In this study, we developed a new set of molecular markers, 19 new and highly polymorphic microsatellites loci for the branching coral species Stylophora pistillata (Esper 1797) from Eilat, by using a whole genome sequencing approach with the Roche 454 titanium GS-FLX plus Titanium pyrosequencing platform. The microsatellites markers developed for this study will be used, together with the former developed microsatellites [17], for detailed biological studies on this species, such as identifying the distributions of various genotypes within S. pistillata chimeras [30]. The new set of microsatellite loci further improves ongoing studies on the S. pistillata population genetics, aiming to determine the levels of population genetics differentiation and gene flow among colonies of S. pistillata in the northern Gulf of Eilat.
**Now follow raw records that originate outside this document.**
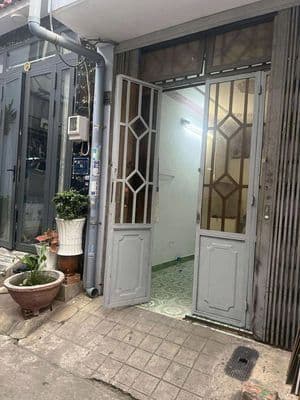 Nhà giá rẻ Nguyễn Sĩ Sách-2 lầu-15m2-giá 2T.ỷ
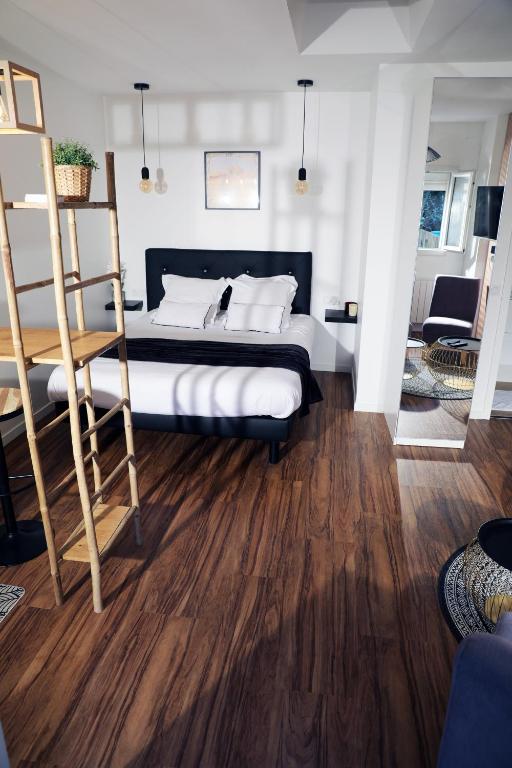 une chambre avec un lit et une échelle en bois dans l'établissement Eiffel Tour Cosy chesterfield, à Paris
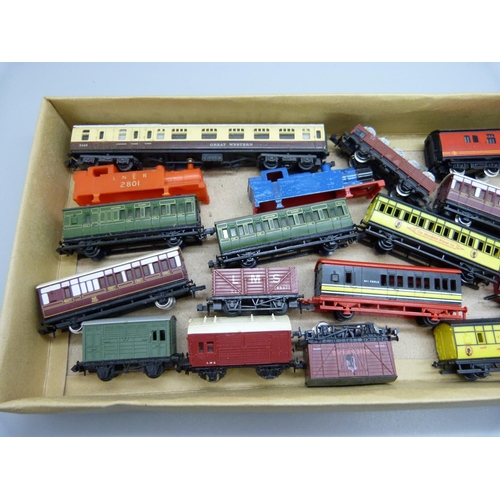 658 - A collection of N gauge Graham Farish model rail, etc.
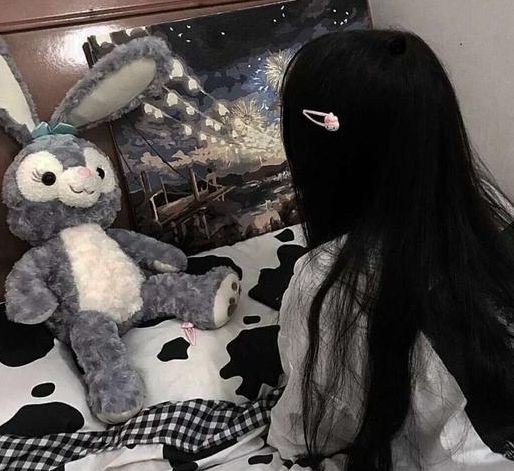 蝴蝶靠近人是暗示啥意思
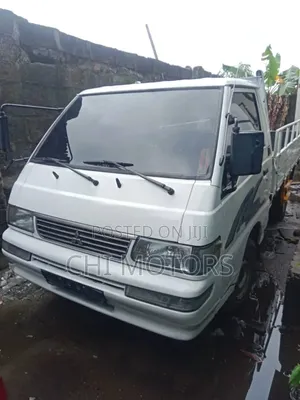 Mitsubishi L300 2005 White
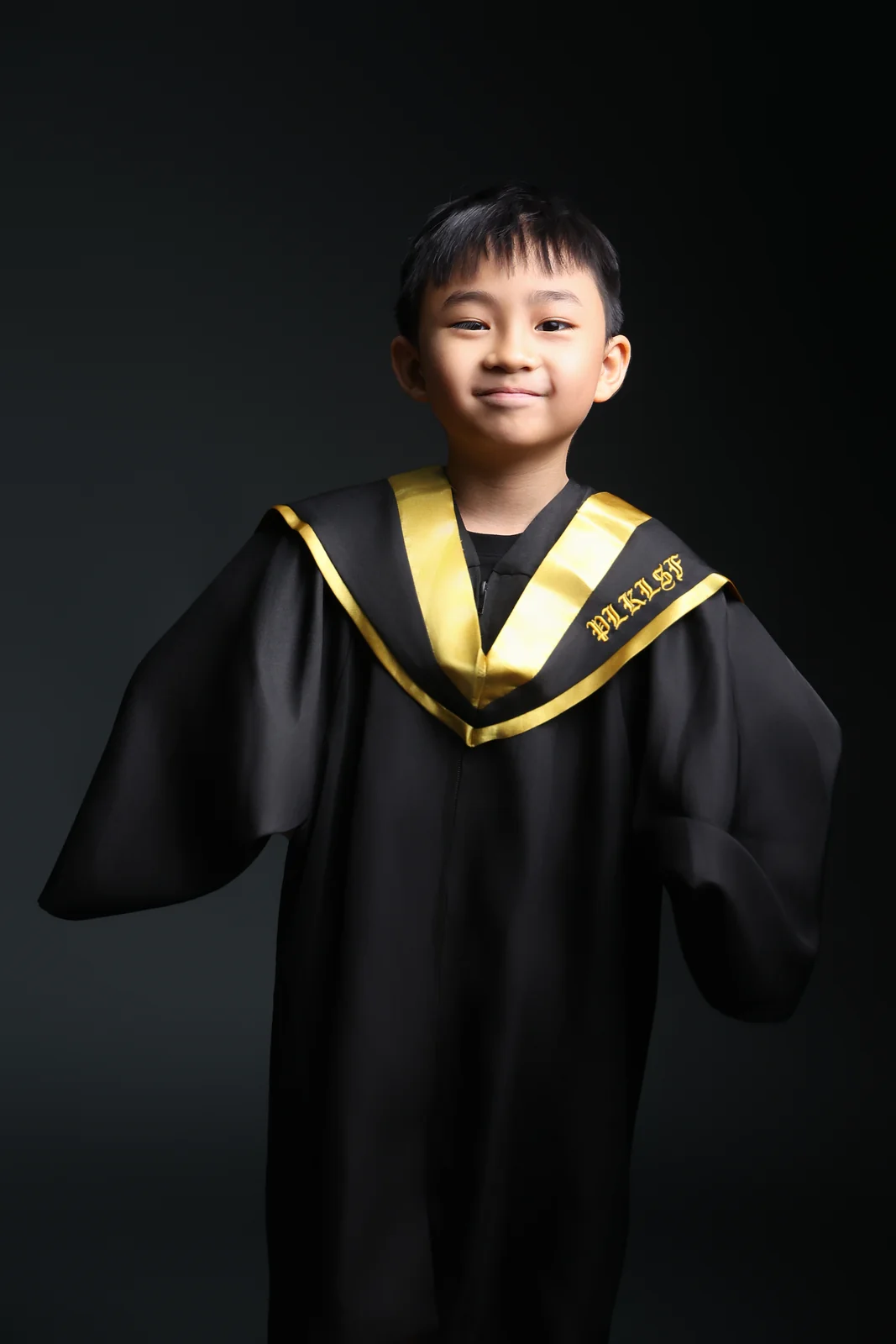 幼稚園小學畢業照 ‧ 展袖挺拔紀念照 - Studio Photobi HK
The current new set of microsatellite loci may further improve the S. pistillata population genetics analyses due to the appearance of 10 highly polymorphic loci, each containing ≥10 alleles/locus. Yet, the preliminary analysis of the 40-sample colony collected in this study indicates a deviation from the Hardy–Weinberg equilibrium, probably due to the presence of null alleles, an outcome that should be considered in future studies.